国産小麦を使っているという生地はしっとりもちもち。お土産用に買う人が多いことから、時間が経ってもパサつかないよう、餡はゆるめに仕上げているそうだ。大粒の栗が真ん中に入る栗入は特に人気が高いようで、お話しを伺っているうちに売り切れた。あまりの人気ぶりに季節限定商品から通年商品になったというレモンあんは、白あんにレモンピールがたっぷり入り爽やかだ。
大福は本場所中(両国国技館)しか食べられない!
街の人たちが楽しみにしているという大福は、本場所中しか作られない。同店は餅菓子店ではないけれど、お客さんからのリクエストが多かったことと、本場所中の景気づけになればと始めたそうだ。豆大福と草大福の2種類で、それぞれ通常サイズの「大入り」のほか、大きな「横綱」、やや大きな「大関」、ひとくちサイズの「序ノ口」の4サイズがあり、それぞれのサイズにファンがいるそうだ。

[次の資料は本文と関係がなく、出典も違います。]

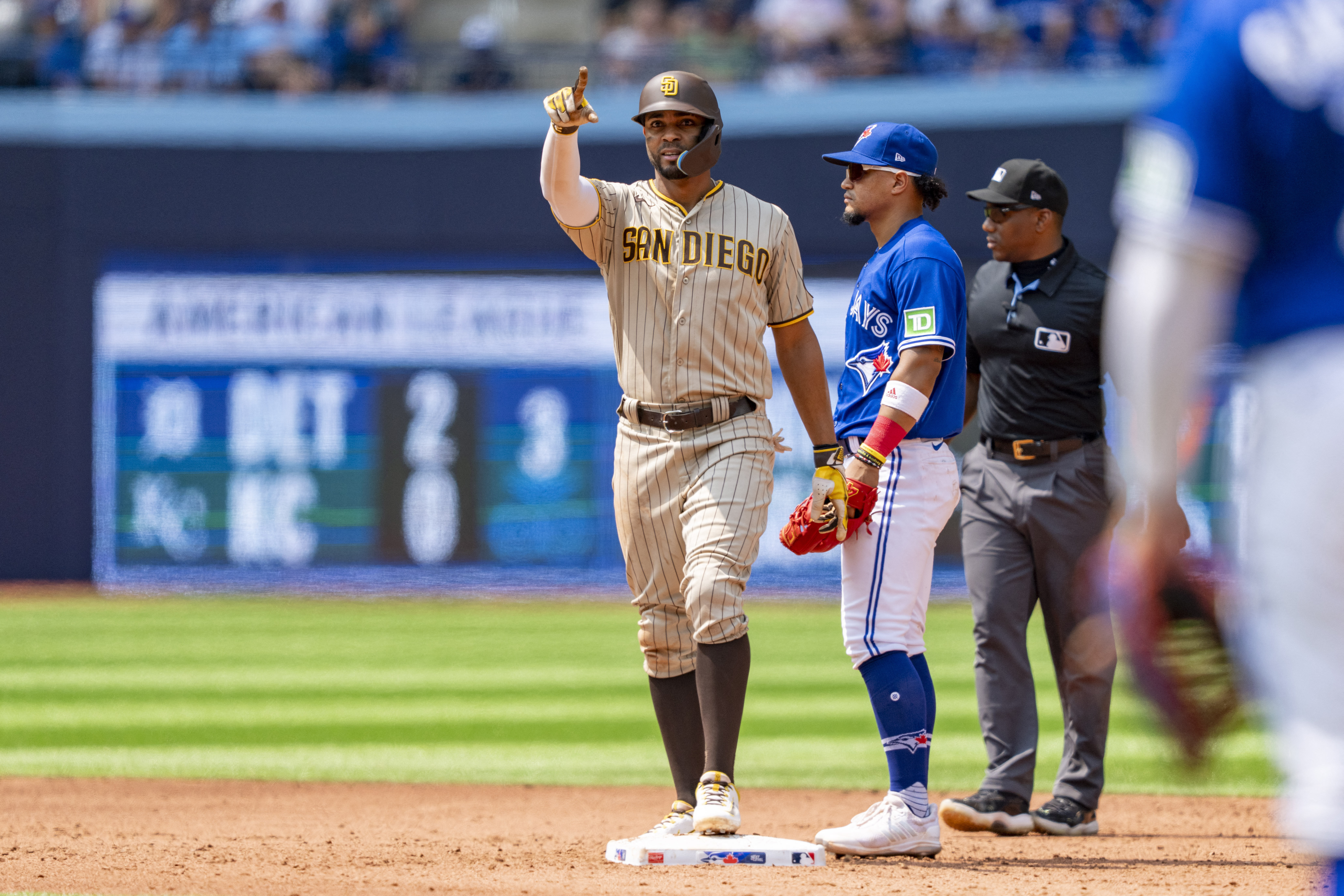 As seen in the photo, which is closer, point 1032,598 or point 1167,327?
point 1167,327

柔らかく滑らかな餅生地に甘い餡がたっぷり詰まっている。通常サイズよりふたまわりほど大きな横綱サイズは、お茶をたっぷり淹れて挑みたい。
ここから話は相撲に及び、3代目の善政さんによると「有名な力士ばかりではなく、まだ名前の知られていない、これから上を目指す若い力士を応援するのも楽しいですよ。」とのことで、目を細めながら応援している力士の話を聞かせてくれた。
少し敷居が高く感じられる干菓子から、親しみやすいどら焼きや大福へとゆるやかにシフトチェンジしてきたことからも読み取れるように、同店は時代に合わせて軽やかにチャレンジを重ね、変化を受け入れてきた。大河ドラマへ和菓子を提供したり、文化交流のためにインド向けのオンライン和菓子教室を開催したり、『すもうねこ』とのコラボ商品を開発したり、ついには和菓子の枠を超えてマスクやエコバックの開発まで手がけたそうだ。

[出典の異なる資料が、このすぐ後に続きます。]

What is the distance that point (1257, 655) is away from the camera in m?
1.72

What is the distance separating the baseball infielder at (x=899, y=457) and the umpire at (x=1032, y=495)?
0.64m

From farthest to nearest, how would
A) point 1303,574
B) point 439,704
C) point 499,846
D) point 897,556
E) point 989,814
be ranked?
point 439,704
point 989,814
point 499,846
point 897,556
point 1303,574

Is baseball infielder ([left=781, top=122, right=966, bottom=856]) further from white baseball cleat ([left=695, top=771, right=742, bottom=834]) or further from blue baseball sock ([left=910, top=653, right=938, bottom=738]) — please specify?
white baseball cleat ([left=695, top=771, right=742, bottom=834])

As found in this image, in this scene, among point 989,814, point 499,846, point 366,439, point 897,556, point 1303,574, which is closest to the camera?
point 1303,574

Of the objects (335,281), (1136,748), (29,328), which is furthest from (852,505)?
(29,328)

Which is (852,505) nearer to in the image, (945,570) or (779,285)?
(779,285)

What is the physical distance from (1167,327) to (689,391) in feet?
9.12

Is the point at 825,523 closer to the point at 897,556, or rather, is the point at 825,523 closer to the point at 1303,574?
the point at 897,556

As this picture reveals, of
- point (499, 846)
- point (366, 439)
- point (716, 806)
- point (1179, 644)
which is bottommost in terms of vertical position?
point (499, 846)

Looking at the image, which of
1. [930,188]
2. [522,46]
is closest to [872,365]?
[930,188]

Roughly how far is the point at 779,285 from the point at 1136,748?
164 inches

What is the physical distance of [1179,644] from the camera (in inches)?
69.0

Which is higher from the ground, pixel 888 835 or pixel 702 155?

現在はすべての和菓子を一人で作っているという善政さんの身近な息抜き法は、隅田川の両岸に整備された水辺空間、「隅田川テラス」をぷらぷらと散歩することだという。「川沿いの景色を見ながら浅草まで歩くのは楽しいですよ」と忙しさを感じさせない穏やかな笑顔で教えてくれた。
※商品価格は2022年5月取材時のもの。同年6月以降に改定予定。